Authors' Affiliations: ¹ Tokyo Research Laboratories, Kyowa Hakko Kogyo Co., Ltd., Tokyo, Japan; ² Drug Development Research Laboratories Pharmaceutical Research Institute, Kyowa Hakko Kogyo Co., Ltd., Shizuoka, Japan; and ³ Department of Pathology, Jichi Medical School, Tochigi, Japan

Requests for reprints: Kenya Shitara, Tokyo Research Laboratories, Kyowa Hakko Kogyo, Co., Ltd., 3-6-6 Asahi-machi, Machida, Tokyo 194-8533, Japan. Phone: 81-42-725-0857; Fax: 81-42-725-2689; E-mail: kshitara{at}kyowa.co.jp.

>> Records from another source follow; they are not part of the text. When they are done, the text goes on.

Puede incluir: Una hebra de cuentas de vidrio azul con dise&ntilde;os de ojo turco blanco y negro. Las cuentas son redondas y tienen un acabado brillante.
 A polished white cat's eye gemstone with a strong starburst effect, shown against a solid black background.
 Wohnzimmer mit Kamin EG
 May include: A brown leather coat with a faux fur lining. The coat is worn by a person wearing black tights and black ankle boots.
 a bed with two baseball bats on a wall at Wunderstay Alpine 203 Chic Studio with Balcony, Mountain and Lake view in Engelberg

Purpose: Fibroblast growth factor 8b (FGF8b) has been implicated in oncogenesis of sex hormone–related malignancies. A murine monoclonal anti-FGF8 antibody, KM1334, has been raised against a FGF8b-derived peptide and shown to neutralize FGF8b activity in an androgen-dependent mouse mammary cell line (SC-3) in vitro growth. The purpose of this study was to evaluate KM1334 as a therapeutic agent for FGF8-dependent cancer.

Experimental Design: Specificity and neutralizing activity of KM1334 were examined in vitro. In vivo therapeutic studies were done in nude mice bearing SC-3 tumors s.c.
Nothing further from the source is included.